In the presence of disorder, we consider various modifications of the coin operator $$R$$:

• the rotation angle becomes random, $$\theta \rightarrow \theta + \delta\theta$$,

$$R_J(\theta) = \E^{-\I \sigma_y (\theta + J\delta\theta(x))/2},\; x \in I\,,$$
where $$J$$ is a coupling constant and $$\delta\theta$$ is uniformly distributed on the circle (quenched “rotation” disorder);

• the walker’s spin is changed by the impurity spin, polarized in the $$z$$ direction,

$$S_J(\phi) = \E^{-\I J \sigma_z \phi(x,t)},\; x \in I\,,$$
where the phase $$\phi(x,t)$$ can be randomly distributed on the circle (quench “spin” disorder, independent of time),

• or dependent on the particle’s state (self-consistent disorder),

$$\phi(x,t) = |\psi_\uparrow|^2 - |\psi_\downarrow|^2$$
or
$$\phi(x,t) = \frac{|\psi_\uparrow|^2 - |\psi_\downarrow|^2}{ |\psi_\uparrow|^2 + |\psi_\downarrow|^2}\,.$$
In the first case the impurity phase is proportional to the $$z$$ component of the particle spin, and in the second case, it is in addition normalized to the local particle density; this second form is invariant with respect to scale transformations of the spinor. For the self-consistent disorder the coin operator writes:
$$R_J(\theta,\phi) = S_J(\phi)R(\theta)\,,$$
and the quantum walk becomes nonlinear. Nonlinear quantum walks are studied in relation to the Dirac equation; in particular solitons and attractors, were recently predicted.

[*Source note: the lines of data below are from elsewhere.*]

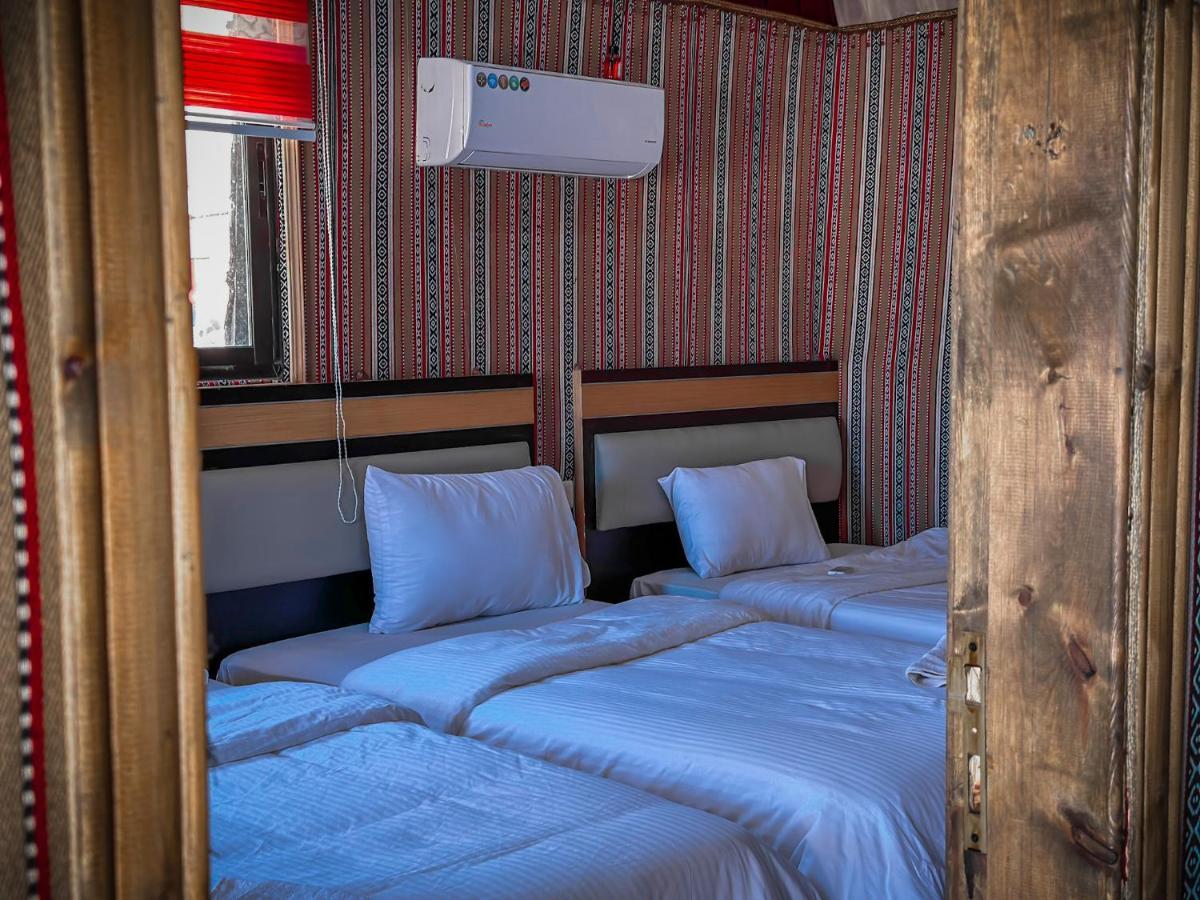 Tower Rum Camb Wadi Rum Exterior photo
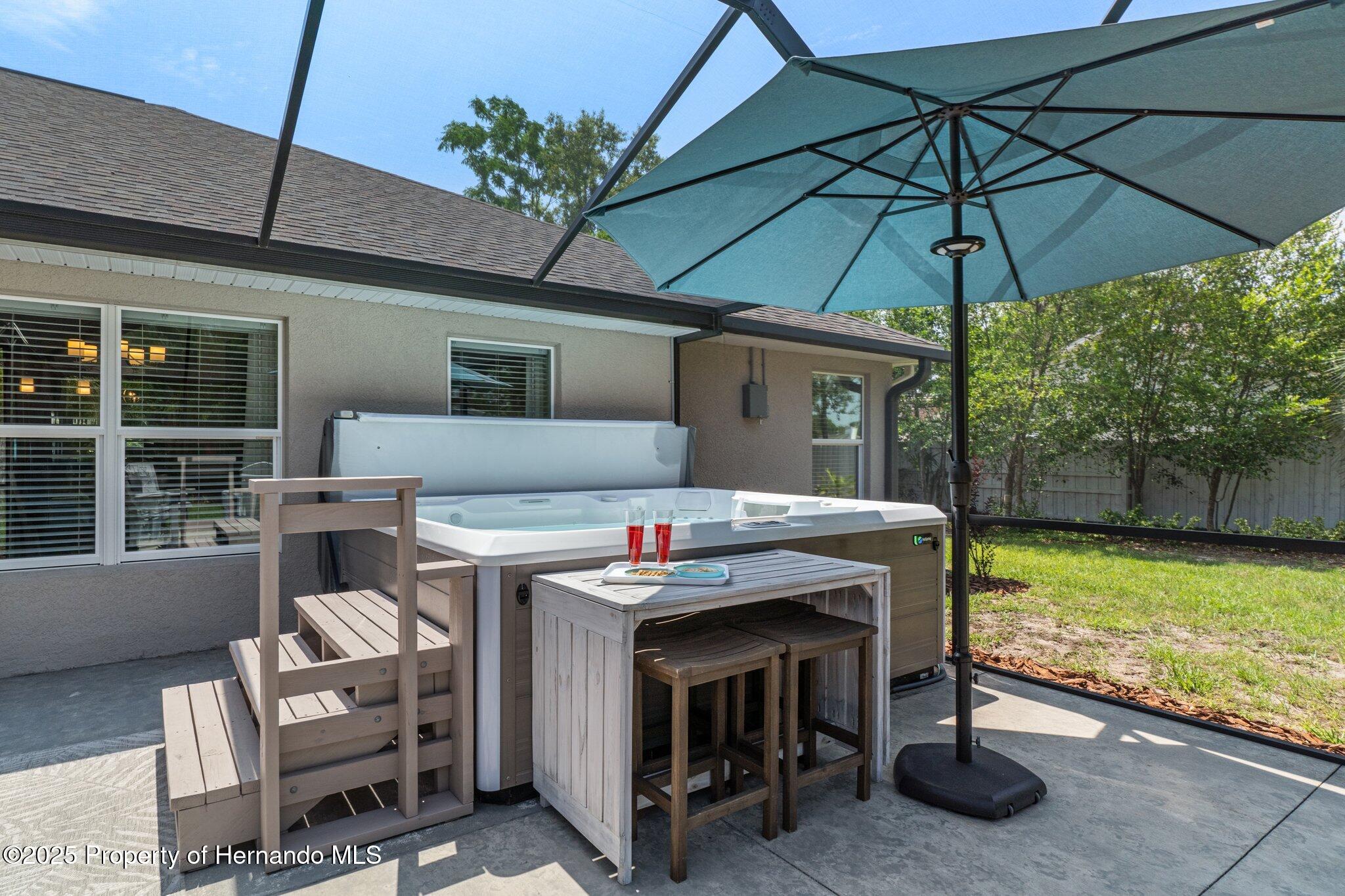 Brooksville, Florida 34604, United States, 3 Bedrooms Bedrooms, ,2 BathroomsBathrooms,Residential,Pending,136565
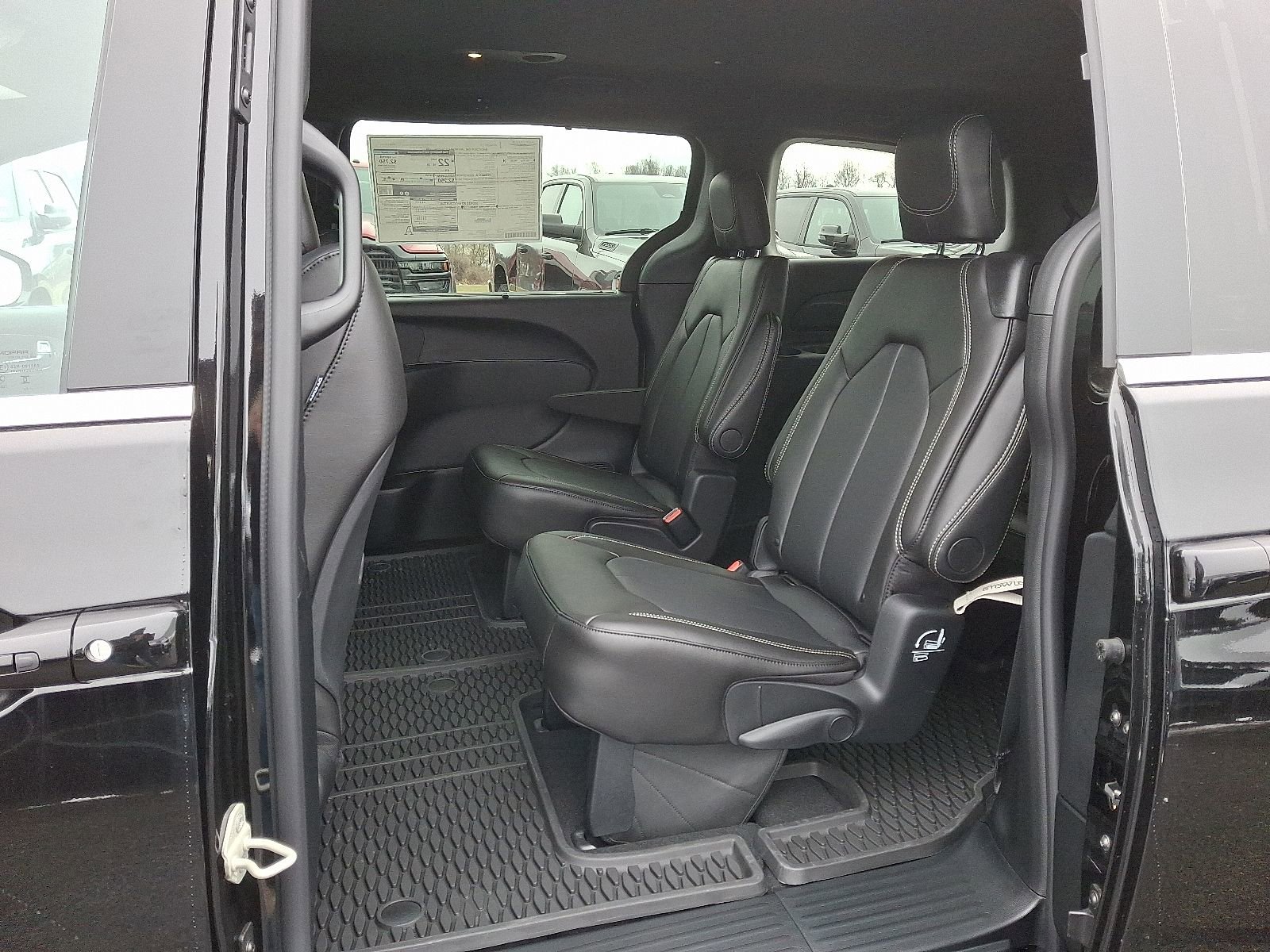 New 2026 Chrysler Voyager LX FWD image 7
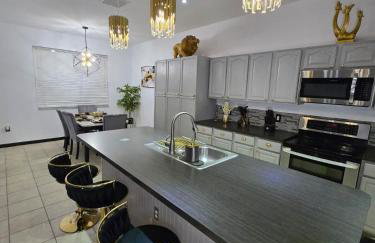 10 Mins to Disney - New luxury furniture - 16 guests - Foto 7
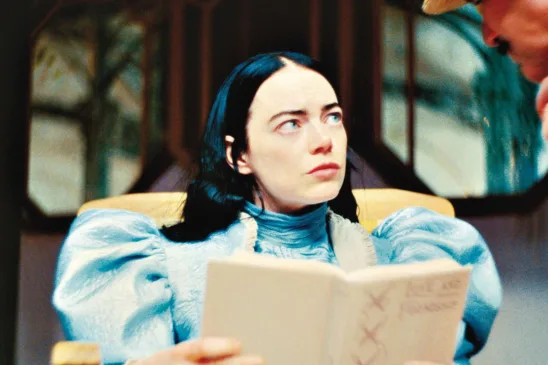 O trailer, lançado em plataformas digitais, antecipa o tom excêntrico e desconcertante da produção — marca registrada de Lanthimos (Foto: Divulgação)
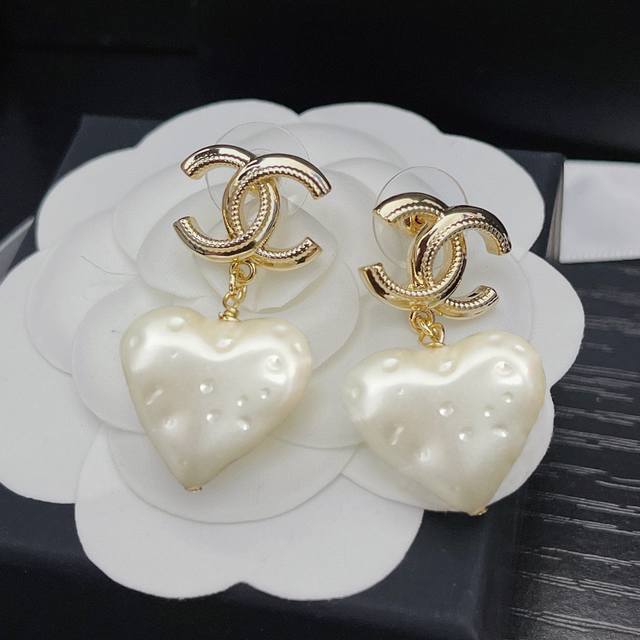 Chanel新品 双C宋茜同款小香字母爱心珍珠耳钉耳环 原版专柜Logo字印爱心 搭配 非常日常百搭的一款 简单实用 美美哒 专柜正品一致 厚度赞 质感超赞 黄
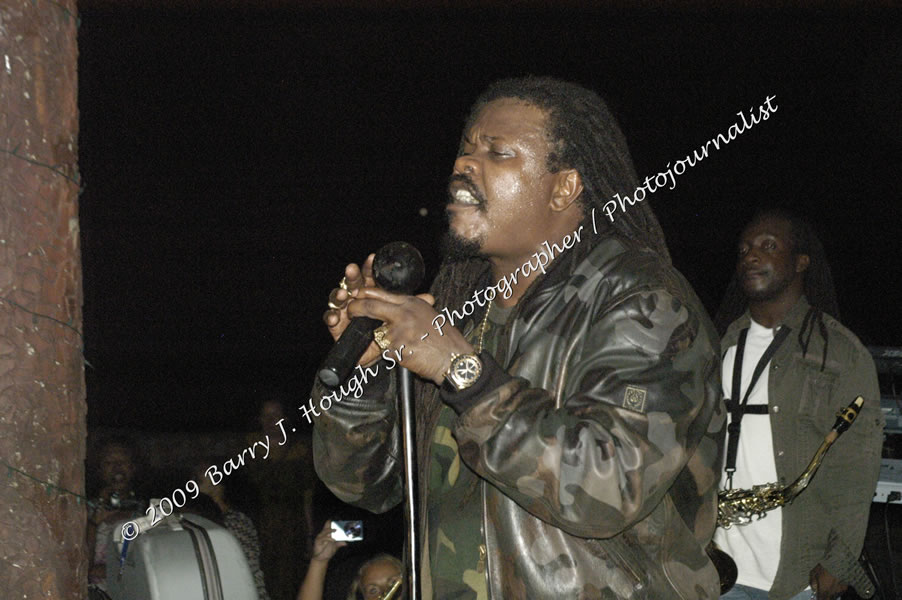  Luciano "Live in Concert" Negril Escape Resort & Spa, Openning Acts: Justice Merchant, and Timmi Burrell, Backing Band: JAH Messenjah, One Love Reggae Summer Series, West End, Negril, Westmoreland, Jamaica W.I. - Tuesday, August 11, 2009 - Photographs by Barry J. Hough Sr. Photojournalist/Photograper - Photographs taken with a Nikon D70, D100, or D300 - Negril Travel Guide, Negril Jamaica WI - http://www.negriltravelguide.com - info@negriltravelguide.com...!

The two videos compare the probability density at the interface of the free (without disorder) and the random (with spatial disorder) quantum walks. The two cases show ballistic propagation on the edge state. The following two figures show the width of the probability at $$x=0$$ (spreading in the $$y$$ direction), for the free walk and the nonlinear walk with $$p=0.1$$ and $$J=100$$; we choose a large value of the coupling constant to strength the remarkable behavior in this case.  Indeed, it its worth noting that the presence of the nonlinear disorder do not prevent the walker to spread at a rate proportional to the time. This is in contrast with the usual behavior of a quantum walk, which localizes or diffuse as a result of disorder.  We also observe, as shown in the figures above, that in the random case the probability density distribution is slightly larger than in the free case near the interface. This is probably an effect due to disorder induced (anisotropic) localization, the density is confined in a region around its initial position. However, the presence of the edge state, wider in the case of disorder, prevents the localization along the $$y$$ axis.

### Noise and nonlinearity

The edge state is protected against disorder. If the amplitude of the noise in the rotation angle is not large enough to change the topology of the system, the edge state persists. Strong disorder may destroy it.  Figures above compare the spreading of the walker in the weak ($$p=0.05$$) and strong ($$p=0.2$$) disorder cases.

The nonlinear walk restore the edge state even in the presence of strong noise.   Spreading along the interface in the case of nonlinear (gray) and linear $$z$$-phase noise (red) walks for the same parameters. Stronger noise (below panels) do not destroy the coherence of the nonlinear walk on the edge channel.